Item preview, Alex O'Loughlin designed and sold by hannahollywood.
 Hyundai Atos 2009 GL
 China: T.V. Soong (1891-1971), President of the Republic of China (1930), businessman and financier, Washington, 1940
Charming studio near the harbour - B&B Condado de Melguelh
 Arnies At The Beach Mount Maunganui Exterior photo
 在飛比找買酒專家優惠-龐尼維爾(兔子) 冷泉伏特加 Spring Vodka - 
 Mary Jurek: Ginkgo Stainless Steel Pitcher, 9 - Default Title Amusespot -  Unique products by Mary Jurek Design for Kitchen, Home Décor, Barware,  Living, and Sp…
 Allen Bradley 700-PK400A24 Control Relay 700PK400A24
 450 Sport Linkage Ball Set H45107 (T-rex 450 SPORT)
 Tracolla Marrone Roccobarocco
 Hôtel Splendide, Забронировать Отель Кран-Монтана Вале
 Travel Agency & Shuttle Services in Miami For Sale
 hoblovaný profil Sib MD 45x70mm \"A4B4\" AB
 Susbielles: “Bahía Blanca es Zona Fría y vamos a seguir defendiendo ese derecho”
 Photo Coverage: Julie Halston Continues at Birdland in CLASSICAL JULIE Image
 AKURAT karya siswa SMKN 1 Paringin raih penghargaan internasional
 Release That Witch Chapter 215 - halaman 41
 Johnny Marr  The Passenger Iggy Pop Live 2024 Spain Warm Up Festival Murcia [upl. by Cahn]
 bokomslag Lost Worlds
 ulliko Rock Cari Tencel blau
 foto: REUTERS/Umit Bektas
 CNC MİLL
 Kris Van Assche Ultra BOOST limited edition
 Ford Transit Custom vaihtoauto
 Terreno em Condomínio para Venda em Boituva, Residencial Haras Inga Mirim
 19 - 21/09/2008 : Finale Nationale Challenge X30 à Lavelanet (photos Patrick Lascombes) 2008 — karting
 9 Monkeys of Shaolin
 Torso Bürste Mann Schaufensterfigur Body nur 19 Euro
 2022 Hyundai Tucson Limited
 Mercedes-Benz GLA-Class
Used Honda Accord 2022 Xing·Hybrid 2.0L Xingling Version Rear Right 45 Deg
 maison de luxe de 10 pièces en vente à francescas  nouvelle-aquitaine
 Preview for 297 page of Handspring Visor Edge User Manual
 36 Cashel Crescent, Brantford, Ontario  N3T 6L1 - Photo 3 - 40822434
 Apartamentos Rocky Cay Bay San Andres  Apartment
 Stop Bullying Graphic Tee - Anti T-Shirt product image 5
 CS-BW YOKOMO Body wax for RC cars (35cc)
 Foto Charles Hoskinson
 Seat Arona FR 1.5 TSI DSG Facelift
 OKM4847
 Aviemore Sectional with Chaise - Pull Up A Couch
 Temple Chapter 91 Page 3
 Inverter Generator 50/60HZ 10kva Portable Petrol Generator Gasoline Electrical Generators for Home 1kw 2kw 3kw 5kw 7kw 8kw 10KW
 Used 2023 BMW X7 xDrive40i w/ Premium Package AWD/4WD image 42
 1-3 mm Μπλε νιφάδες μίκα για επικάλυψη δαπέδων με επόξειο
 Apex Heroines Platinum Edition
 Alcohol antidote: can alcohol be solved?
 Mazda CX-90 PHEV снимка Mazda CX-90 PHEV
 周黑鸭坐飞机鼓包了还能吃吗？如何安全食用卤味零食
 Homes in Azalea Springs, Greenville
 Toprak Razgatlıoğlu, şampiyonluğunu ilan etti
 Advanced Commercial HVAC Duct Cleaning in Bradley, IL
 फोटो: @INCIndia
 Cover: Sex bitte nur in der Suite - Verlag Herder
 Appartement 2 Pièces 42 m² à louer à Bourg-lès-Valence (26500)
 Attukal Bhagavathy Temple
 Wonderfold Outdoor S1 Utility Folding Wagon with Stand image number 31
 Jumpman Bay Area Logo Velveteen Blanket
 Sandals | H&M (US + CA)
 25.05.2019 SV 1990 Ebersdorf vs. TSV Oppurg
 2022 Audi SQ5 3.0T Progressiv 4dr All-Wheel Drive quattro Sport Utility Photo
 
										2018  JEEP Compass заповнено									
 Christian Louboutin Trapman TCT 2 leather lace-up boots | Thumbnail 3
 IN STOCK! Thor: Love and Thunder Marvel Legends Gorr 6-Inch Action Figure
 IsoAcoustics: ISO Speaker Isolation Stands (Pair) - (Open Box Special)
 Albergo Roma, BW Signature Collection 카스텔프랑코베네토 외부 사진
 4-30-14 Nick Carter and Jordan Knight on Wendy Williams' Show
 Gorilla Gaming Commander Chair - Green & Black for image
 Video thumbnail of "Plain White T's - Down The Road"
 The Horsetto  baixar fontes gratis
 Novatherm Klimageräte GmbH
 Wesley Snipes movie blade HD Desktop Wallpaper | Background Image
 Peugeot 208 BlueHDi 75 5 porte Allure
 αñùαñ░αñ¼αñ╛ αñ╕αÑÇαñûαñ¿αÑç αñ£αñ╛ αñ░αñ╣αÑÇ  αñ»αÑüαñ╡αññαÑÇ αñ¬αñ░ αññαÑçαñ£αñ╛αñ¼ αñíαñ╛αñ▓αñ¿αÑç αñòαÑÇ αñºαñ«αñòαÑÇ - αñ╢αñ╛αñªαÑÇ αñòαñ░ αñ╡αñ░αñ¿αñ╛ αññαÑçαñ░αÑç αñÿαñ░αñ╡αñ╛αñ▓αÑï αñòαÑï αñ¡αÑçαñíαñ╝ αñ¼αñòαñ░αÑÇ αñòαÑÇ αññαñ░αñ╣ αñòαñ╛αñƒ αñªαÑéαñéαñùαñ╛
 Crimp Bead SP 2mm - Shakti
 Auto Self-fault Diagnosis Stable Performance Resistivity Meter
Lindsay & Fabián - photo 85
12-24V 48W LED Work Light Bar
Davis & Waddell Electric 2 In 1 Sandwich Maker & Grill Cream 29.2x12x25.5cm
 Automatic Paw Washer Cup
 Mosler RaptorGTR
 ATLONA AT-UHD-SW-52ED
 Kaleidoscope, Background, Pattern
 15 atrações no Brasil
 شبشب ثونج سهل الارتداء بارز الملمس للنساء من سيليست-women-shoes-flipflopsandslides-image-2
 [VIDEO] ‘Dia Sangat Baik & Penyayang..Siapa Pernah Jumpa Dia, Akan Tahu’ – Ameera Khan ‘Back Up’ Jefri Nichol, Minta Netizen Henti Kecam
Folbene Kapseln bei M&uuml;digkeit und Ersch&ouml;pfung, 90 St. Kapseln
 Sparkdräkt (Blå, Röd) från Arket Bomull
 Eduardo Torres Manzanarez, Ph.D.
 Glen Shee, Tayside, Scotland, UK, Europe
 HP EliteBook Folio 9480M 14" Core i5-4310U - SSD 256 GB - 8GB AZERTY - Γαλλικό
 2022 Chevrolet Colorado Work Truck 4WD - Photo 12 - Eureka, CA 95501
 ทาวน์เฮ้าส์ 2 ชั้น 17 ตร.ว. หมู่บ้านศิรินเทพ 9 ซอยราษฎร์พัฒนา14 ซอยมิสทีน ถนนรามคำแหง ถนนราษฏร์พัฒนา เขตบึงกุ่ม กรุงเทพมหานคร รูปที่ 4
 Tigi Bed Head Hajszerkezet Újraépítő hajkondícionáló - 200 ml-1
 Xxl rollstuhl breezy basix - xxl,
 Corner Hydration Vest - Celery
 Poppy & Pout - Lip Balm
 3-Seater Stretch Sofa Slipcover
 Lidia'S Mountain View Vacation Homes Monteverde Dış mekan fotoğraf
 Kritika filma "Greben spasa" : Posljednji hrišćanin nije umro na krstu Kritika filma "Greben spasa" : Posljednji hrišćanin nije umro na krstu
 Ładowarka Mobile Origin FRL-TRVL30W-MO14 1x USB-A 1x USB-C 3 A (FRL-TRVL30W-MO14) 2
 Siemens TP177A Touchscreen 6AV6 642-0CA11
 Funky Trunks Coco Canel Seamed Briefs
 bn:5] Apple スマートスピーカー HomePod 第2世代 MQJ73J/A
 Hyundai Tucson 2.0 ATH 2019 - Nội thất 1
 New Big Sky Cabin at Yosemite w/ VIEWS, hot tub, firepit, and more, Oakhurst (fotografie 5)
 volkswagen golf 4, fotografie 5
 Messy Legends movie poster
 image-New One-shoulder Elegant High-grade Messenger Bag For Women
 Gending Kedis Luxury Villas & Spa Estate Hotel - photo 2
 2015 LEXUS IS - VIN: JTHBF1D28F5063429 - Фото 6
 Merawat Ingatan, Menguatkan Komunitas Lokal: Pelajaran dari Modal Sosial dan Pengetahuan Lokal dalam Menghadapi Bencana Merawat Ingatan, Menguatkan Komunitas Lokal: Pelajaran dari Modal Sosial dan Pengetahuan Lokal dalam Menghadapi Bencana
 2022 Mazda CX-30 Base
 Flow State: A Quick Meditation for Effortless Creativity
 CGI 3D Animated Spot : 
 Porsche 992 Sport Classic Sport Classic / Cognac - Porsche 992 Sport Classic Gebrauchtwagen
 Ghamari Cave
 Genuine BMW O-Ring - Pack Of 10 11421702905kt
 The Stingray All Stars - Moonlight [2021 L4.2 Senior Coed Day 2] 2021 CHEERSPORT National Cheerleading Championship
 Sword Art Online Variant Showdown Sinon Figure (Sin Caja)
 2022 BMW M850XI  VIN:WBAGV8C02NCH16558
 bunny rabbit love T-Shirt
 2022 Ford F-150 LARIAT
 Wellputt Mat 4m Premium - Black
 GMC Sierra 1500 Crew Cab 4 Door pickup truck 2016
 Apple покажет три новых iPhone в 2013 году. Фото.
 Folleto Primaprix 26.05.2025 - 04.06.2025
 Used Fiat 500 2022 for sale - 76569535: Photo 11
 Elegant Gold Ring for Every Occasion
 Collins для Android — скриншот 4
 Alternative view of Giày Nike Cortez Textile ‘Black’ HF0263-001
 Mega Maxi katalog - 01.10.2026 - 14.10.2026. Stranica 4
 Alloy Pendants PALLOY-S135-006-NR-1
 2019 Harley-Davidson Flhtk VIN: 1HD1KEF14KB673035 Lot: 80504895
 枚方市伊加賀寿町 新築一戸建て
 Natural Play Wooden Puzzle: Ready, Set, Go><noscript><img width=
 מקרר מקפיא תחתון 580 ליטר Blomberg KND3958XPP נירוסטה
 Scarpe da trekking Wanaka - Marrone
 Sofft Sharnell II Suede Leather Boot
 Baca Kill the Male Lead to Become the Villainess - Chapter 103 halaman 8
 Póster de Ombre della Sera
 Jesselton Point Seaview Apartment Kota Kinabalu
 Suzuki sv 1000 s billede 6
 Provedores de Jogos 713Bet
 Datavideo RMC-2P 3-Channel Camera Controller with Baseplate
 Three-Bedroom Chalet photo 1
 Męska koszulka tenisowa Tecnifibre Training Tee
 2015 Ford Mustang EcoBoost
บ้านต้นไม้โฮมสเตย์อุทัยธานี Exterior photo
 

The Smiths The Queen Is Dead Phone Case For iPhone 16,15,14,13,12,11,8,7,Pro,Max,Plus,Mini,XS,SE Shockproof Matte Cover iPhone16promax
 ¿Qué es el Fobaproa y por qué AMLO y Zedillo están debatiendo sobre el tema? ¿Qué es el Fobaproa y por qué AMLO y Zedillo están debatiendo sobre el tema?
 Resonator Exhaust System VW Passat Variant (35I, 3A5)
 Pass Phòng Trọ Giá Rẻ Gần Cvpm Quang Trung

### What to produce
Write out, from the lines above, only those from the line with "baixar fontes gratis" to the line with "شبشب ثونج سهل", exactly as given, including the first and the last.

### Solution to the exercise
 The Horsetto  baixar fontes gratis
 Novatherm Klimageräte GmbH
 Wesley Snipes movie blade HD Desktop Wallpaper | Background Image
 Peugeot 208 BlueHDi 75 5 porte Allure
 αñùαñ░αñ¼αñ╛ αñ╕αÑÇαñûαñ¿αÑç αñ£αñ╛ αñ░αñ╣αÑÇ  αñ»αÑüαñ╡αññαÑÇ αñ¬αñ░ αññαÑçαñ£αñ╛αñ¼ αñíαñ╛αñ▓αñ¿αÑç αñòαÑÇ αñºαñ«αñòαÑÇ - αñ╢αñ╛αñªαÑÇ αñòαñ░ αñ╡αñ░αñ¿αñ╛ αññαÑçαñ░αÑç αñÿαñ░αñ╡αñ╛αñ▓αÑï αñòαÑï αñ¡αÑçαñíαñ╝ αñ¼αñòαñ░αÑÇ αñòαÑÇ αññαñ░αñ╣ αñòαñ╛αñƒ αñªαÑéαñéαñùαñ╛
 Crimp Bead SP 2mm - Shakti
 Auto Self-fault Diagnosis Stable Performance Resistivity Meter
Lindsay & Fabián - photo 85
12-24V 48W LED Work Light Bar
Davis & Waddell Electric 2 In 1 Sandwich Maker & Grill Cream 29.2x12x25.5cm
 Automatic Paw Washer Cup
 Mosler RaptorGTR
 ATLONA AT-UHD-SW-52ED
 Kaleidoscope, Background, Pattern
 15 atrações no Brasil
 شبشب ثونج سهل الارتداء بارز الملمس للنساء من سيليست-women-shoes-flipflopsandslides-image-2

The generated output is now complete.